The learnings hold more value, and never depreciate.
Your Arrival is your Happiness. Period.
Alok Rodinhood Kejriwal
The DAY you start out on your own, you BEGIN your journey of Arrival.
Let me say this simply – in the journey of an Entrepreneur, the LONGER AND FARTHER you travel, the SURER you have ARRIVED….
Anamika Joshi
Very true. I am grateful for being asked such a question, or else I would have never pondered over it. Thanks for appreciating!
Anamika Joshi
The first line is the crux of my entire article!
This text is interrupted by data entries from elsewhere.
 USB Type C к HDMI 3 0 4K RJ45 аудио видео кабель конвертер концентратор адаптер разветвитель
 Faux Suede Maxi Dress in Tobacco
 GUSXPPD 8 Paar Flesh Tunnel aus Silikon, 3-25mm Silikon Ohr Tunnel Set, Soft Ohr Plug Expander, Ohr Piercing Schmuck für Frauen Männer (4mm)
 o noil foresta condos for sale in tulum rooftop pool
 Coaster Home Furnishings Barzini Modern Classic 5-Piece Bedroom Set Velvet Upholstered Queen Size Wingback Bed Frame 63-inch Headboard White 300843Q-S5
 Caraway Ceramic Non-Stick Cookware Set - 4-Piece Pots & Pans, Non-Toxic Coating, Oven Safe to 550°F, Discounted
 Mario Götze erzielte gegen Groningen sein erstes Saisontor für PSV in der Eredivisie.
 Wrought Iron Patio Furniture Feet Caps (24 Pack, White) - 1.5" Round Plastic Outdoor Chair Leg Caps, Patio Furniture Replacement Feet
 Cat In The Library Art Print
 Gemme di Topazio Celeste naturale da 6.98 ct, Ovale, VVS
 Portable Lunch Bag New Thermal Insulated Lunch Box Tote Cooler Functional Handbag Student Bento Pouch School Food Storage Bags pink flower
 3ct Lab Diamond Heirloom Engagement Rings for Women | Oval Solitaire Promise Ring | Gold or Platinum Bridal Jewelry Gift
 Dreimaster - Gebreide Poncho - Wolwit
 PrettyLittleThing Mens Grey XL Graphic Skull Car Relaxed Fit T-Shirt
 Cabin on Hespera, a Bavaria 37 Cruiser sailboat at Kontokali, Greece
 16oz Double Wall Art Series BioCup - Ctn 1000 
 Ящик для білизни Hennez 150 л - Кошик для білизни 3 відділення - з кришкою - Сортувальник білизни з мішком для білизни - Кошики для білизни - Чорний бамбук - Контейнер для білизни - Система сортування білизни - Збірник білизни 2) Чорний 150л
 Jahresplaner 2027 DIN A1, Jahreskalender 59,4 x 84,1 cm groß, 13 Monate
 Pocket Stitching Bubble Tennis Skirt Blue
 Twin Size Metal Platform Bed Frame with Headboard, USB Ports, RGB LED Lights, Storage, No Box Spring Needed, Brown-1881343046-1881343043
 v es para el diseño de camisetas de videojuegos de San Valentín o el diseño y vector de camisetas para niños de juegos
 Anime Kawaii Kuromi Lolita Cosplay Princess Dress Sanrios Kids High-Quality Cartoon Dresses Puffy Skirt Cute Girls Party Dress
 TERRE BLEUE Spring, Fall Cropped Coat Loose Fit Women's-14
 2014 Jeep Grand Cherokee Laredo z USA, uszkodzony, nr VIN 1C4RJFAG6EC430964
Thanks for reading it Alok ji and sharing your views…
Anamika Joshi
That’s such a beautiful comment!! Every time I read something like this written by you, I feel like telling you again: Please do write more for rodinhooders.. you are such a gifted writer!
asha chaudhry
hahahaha! i know. i haven’t shared any of my stories on trhs 🙂
asha chaudhry
anamika – i woke up remembering this post today. i have no clue why. but when i wake up thinking about a post i share it first thing 🙂
you’re on your second startup anamika. and knock wood you’re doing well with your first brand onboard. no doubt, there is much more to be learnt. but i think you’ve arrived in your own way 🙂
Anamika Joshi
Every time you share an article, I re-read it all over again and realize that one always needs someone to remind what you used to be once upon a time. I used to share and now I don’t… Thanks again for sharing and making me feel kicked about writing again and sharing some of my recent experiences!!!
And I hope I arrive in my own definition very soon!